# Stored items from a collection
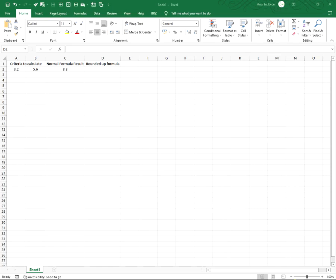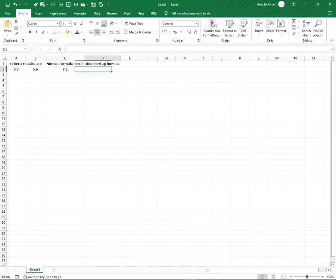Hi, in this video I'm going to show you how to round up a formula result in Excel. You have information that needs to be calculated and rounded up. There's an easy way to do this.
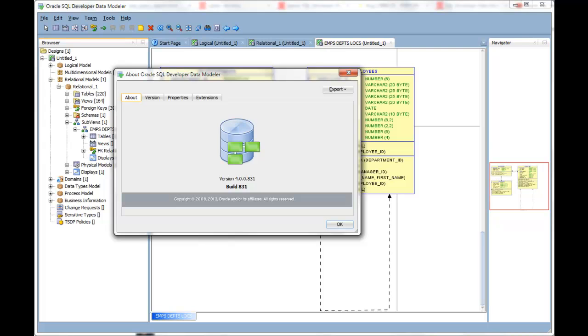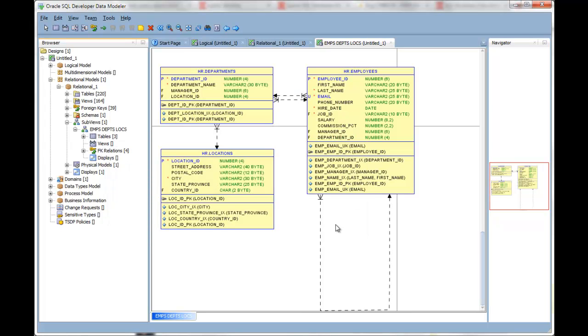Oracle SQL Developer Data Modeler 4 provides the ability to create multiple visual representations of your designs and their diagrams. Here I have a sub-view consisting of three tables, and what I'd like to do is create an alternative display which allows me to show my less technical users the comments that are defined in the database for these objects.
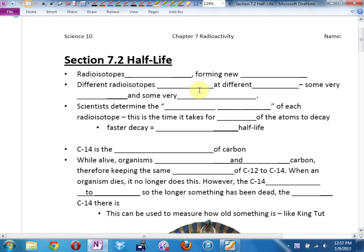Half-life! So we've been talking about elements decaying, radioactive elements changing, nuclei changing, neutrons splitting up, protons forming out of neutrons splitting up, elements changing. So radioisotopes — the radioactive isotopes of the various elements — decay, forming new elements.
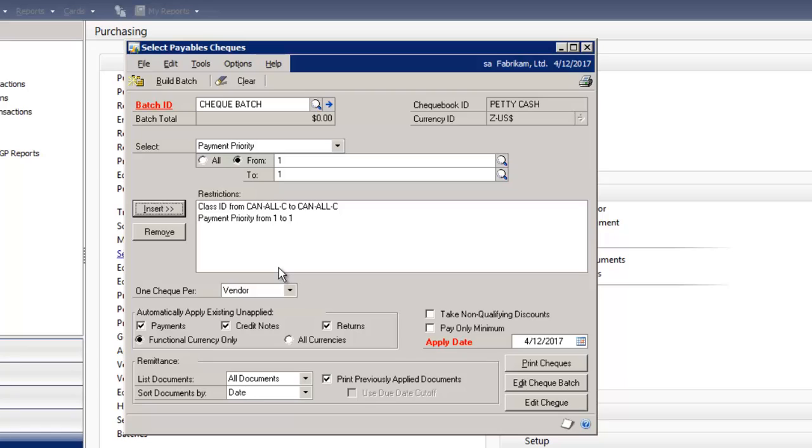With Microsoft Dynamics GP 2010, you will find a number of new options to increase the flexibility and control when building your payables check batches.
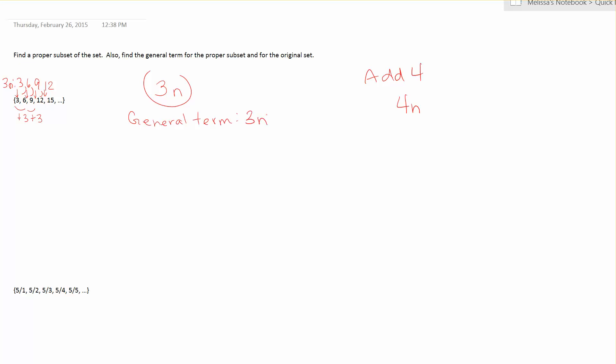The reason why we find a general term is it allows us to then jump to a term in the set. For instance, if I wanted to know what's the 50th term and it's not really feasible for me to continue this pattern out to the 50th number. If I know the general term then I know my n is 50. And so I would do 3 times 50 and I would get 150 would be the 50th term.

# Prompt
Word for word, repeat each record above; leave out every picture.

# Written solution
Hi, in this video I'm going to show you how to round up a formula result in Excel. You have information that needs to be calculated and rounded up. There's an easy way to do this.
Oracle SQL Developer Data Modeler 4 provides the ability to create multiple visual representations of your designs and their diagrams. Here I have a sub-view consisting of three tables, and what I'd like to do is create an alternative display which allows me to show my less technical users the comments that are defined in the database for these objects.
Half-life! So we've been talking about elements decaying, radioactive elements changing, nuclei changing, neutrons splitting up, protons forming out of neutrons splitting up, elements changing. So radioisotopes — the radioactive isotopes of the various elements — decay, forming new elements.
With Microsoft Dynamics GP 2010, you will find a number of new options to increase the flexibility and control when building your payables check batches.
The reason why we find a general term is it allows us to then jump to a term in the set. For instance, if I wanted to know what's the 50th term and it's not really feasible for me to continue this pattern out to the 50th number. If I know the general term then I know my n is 50. And so I would do 3 times 50 and I would get 150 would be the 50th term.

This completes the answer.